According to a statement released by OpenAI on Thursday, the new tool, named “Sora,” would initially only be accessible to a select number of filmmakers and artists as well as “red teamers,” or academics who look for methods to exploit AI tools maliciously.

Sora expands upon the technology used in OpenAI’s DALL-E tool, which generates images. After interpreting a user’s request and developing it into a more comprehensive set of instructions, it creates a new film using an AI model that has been trained on photos and video.

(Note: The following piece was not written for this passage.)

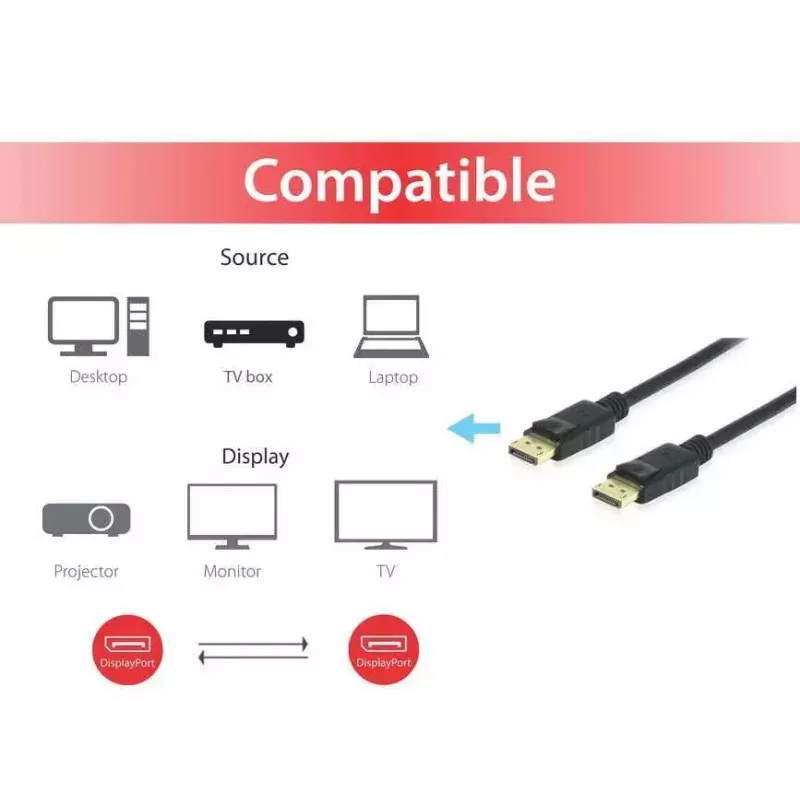 DisplayPort Cable Equip 119253 3m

Over the past year, firms such as Google, OpenAI, Meta, and Stable Diffusion have been racing to create more competent tools and find methods to market them, resulting in a significant increase in the quality of AI-generated images, music, and video. However, proponents of democracy and AI experts have cautioned that voters are already being misled and tricked by these instruments.

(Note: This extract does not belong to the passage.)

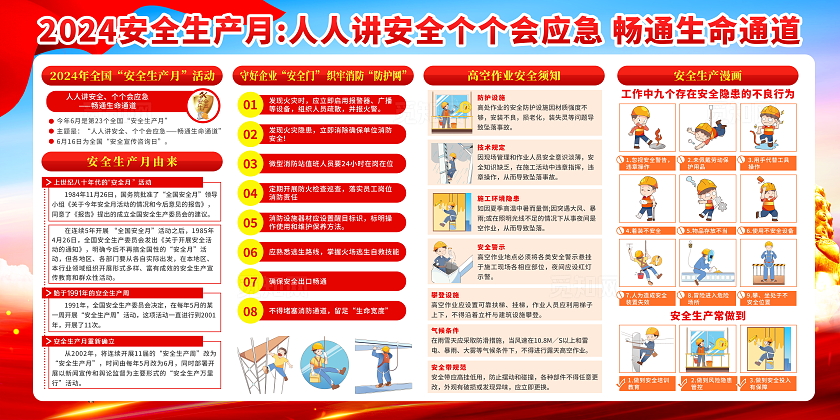 蓝色渐变简约大气2024年全国安全生产月主题活动宣传栏展板设计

Such audio and video content has previously been produced, and other businesses have developed their own text-to-video artificial intelligence producers. AI start-up Lumiere is being tested by Google, while Meta has a model named Emu. Filmmakers may already use Runway’s goods to create movies. However, Sora’s videos were longer and of higher quality than anything previously observed, according to analysts and specialists in AI.

“I didn’t expect this level of sustained, coherent video generation for another two to three years,” said Ted Underwood, a professor of information science at University of Illinois at Urbana-Champaign. While he cautioned that OpenAI probably chose videos that show the model at its best, he said that “it seems like there’s been a bit of a jump in capacity” from other text-to-video tools.

The software companies that provide the tools claim to be keeping an eye on how people are using them and have put in place restrictions prohibiting the use of their products to create political content. However, enforcement is erratic. Only after a Washington Post article, did OpenAI suspend a developer in January who had created a bot portraying Democratic candidate Dean Phillips. Similar political candidate bots had been created by the developer earlier in the fall.

People in a wide range of businesses, from the news industry to filmmaking, are scrambling to grasp how the rapid advancement of technology can affect their work.

In Hollywood, AI video creators have already generated some buzz. Filmmaking is a costly, labor-intensive process that needs dozens or even hundreds of workers. According to some techies, artificial intelligence (AI) might enable one person to produce a movie with the same level of visual sophistication as a Marvel blockbuster.

“They won’t need a team of 100 or 200 artists over a three-year period to make their animated feature,” he said. “To me, that’s exciting.”

In Hollywood, AI video creators have already generated some buzz. Filmmaking is a costly, labor-intensive process that needs dozens or even hundreds of workers. According to some techies, artificial intelligence (AI) might enable one person to produce a movie with the same level of visual sophistication as a Marvel blockbuster.

The Oxford Internet Institute’s Mutale Nkonde, a visiting policy fellow, finds it thrilling that text may be easily converted to video. However, she is concerned about how these tools could inadvertently reinforce societal biases, how they might affect people’s livelihoods, and how they might transform hate speech or accounts of horrific real-life incidents into horrifyingly realistic visuals.

According to Nkonde, recent strikes by the writers’ and actors’ guilds started to raise issues with the use of actors’ likenesses in AI-generated scenes and the usage of AI language tools in screenwriting. However, she claimed that features like Sora create additional concerns, like as whether or not human extras will even be required. “From a policy perspective, do we need to start thinking about ways we can protect humans that should be in the loop when it comes to these tools?”

The movies produced by Sora, particularly those designed to resemble real life, are of a higher caliber than most other artificial intelligence businesses have managed to create thus far.